Making Xhelper a more significant threat is the fact that the app itself downloads other threats along with displaying ads. Currently, Xhelper is targeting users in India, the United States, and Russia. Symantec says that Xhelper is part of a surge in apps that can hide from users, download additional malicious apps, and display ads.
Frustrating users even more is the fact that Xhelper is persistent and can reinstall itself after the user uninstalls it, and is designed to stay hidden without being seen in the system launcher. The app has no regular user interface and stays out of the launcher since it is an application component. The software launches when the device is connected or disconnected from a power supply, the device is rebooted, or when an app is installed or uninstalled.
The malware registers itself as a foreground service when launched to help prevent it from being closed if memory is low. Once on the victim's device, Xhelper starts to execute its core malicious functionality by decrypting the malicious payload in its package. That package then contacts the C&C server and awaits commands. Symantec says that the malware on the C&C server is thought to be "vast and varied," giving multiple attack options, including data theft or a takeover of the device.
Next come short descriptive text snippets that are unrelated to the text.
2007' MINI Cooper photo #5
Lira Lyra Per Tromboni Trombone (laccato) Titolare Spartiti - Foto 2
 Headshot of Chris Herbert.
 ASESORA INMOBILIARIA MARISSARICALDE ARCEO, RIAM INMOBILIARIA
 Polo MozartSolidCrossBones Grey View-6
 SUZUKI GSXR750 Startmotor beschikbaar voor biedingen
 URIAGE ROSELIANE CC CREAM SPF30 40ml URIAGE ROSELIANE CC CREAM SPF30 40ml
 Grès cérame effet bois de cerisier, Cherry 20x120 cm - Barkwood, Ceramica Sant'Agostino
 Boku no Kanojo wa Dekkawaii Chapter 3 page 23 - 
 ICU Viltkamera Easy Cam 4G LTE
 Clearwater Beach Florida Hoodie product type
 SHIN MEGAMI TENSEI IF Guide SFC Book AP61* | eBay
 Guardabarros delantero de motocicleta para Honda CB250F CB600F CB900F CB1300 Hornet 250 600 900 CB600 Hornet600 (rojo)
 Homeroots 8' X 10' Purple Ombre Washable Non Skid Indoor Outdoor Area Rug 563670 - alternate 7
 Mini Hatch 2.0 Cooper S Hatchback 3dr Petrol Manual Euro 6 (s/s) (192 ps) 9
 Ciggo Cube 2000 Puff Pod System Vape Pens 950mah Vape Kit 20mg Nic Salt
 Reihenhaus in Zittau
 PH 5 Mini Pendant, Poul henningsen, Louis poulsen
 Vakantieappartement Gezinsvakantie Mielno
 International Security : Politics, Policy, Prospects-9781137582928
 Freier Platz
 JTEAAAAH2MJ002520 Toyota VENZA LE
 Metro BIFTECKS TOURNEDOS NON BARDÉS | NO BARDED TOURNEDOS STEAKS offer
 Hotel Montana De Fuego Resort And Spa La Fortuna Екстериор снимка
Xhelper first surfaced in March 2019 and was relatively simple at the time with a main purpose of getting victims to visit advertisement pages for monetization purposes. There are indicators that the malware intends to target users on Jio in the future. Jio is the largest 4G network in India, with over 300 million subscribers. Malware is a massive problem on Google Play; earlier this month, 172 malicious Android apps were discovered with over 300 million combined installs.